Dataset content:
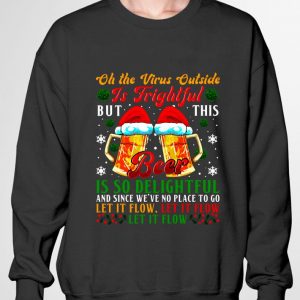 Best Christmas Oh The Virus Outside Is Frightful But This Beer Santa shirt 5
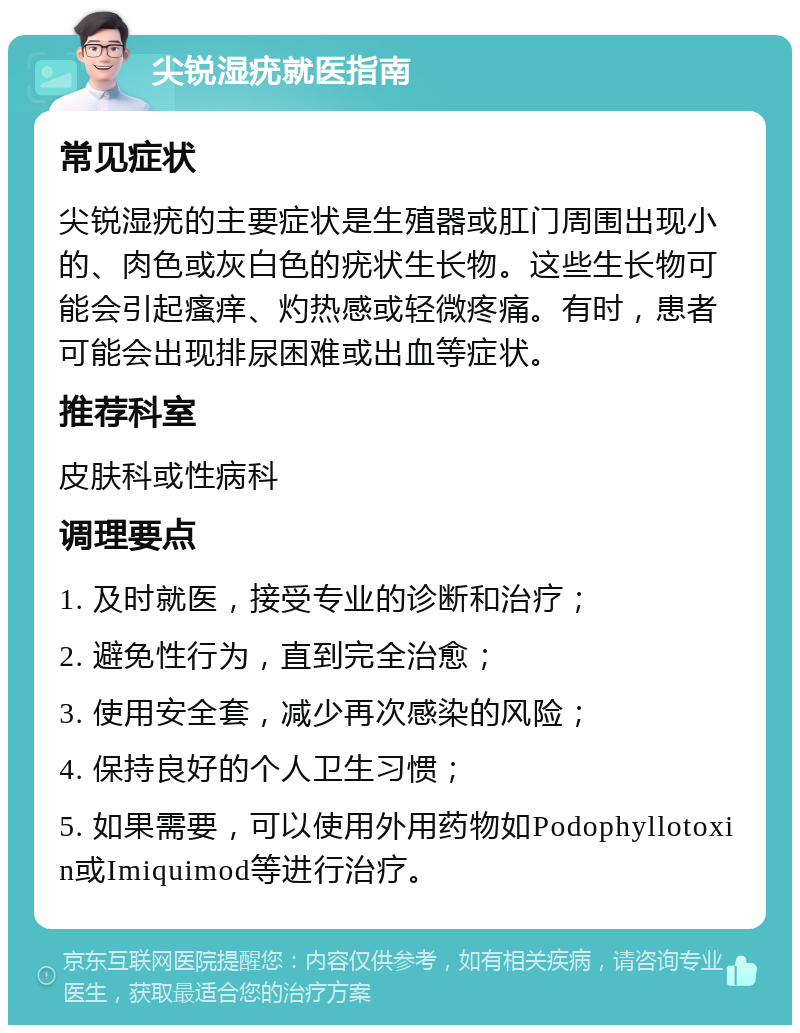 尖锐湿疣就医指南 常见症状 尖锐湿疣的主要症状是生殖器或肛门周围出现小的、肉色或灰白色的疣状生长物。这些生长物可能会引起瘙痒、灼热感或轻微疼痛。有时，患者可能会出现排尿困难或出血等症状。 推荐科室 皮肤科或性病科 调理要点 1. 及时就医，接受专业的诊断和治疗； 2. 避免性行为，直到完全治愈； 3. 使用安全套，减少再次感染的风险； 4. 保持良好的个人卫生习惯； 5. 如果需要，可以使用外用药物如Podophyllotoxin或Imiquimod等进行治疗。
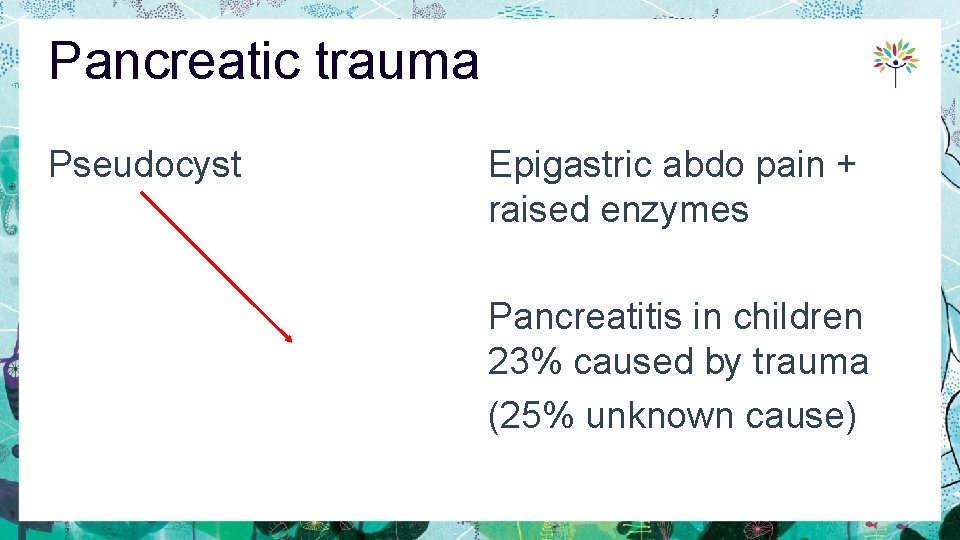 Pancreatic trauma Pseudocyst Epigastric abdo pain + raised enzymes Pancreatitis in children 23% caused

Exercise:
Give all of the material again, exactly, apart from the pictures.

Solution to the problem:
 Best Christmas Oh The Virus Outside Is Frightful But This Beer Santa shirt 5
 尖锐湿疣就医指南 常见症状 尖锐湿疣的主要症状是生殖器或肛门周围出现小的、肉色或灰白色的疣状生长物。这些生长物可能会引起瘙痒、灼热感或轻微疼痛。有时，患者可能会出现排尿困难或出血等症状。 推荐科室 皮肤科或性病科 调理要点 1. 及时就医，接受专业的诊断和治疗； 2. 避免性行为，直到完全治愈； 3. 使用安全套，减少再次感染的风险； 4. 保持良好的个人卫生习惯； 5. 如果需要，可以使用外用药物如Podophyllotoxin或Imiquimod等进行治疗。
 Pancreatic trauma Pseudocyst Epigastric abdo pain + raised enzymes Pancreatitis in children 23% caused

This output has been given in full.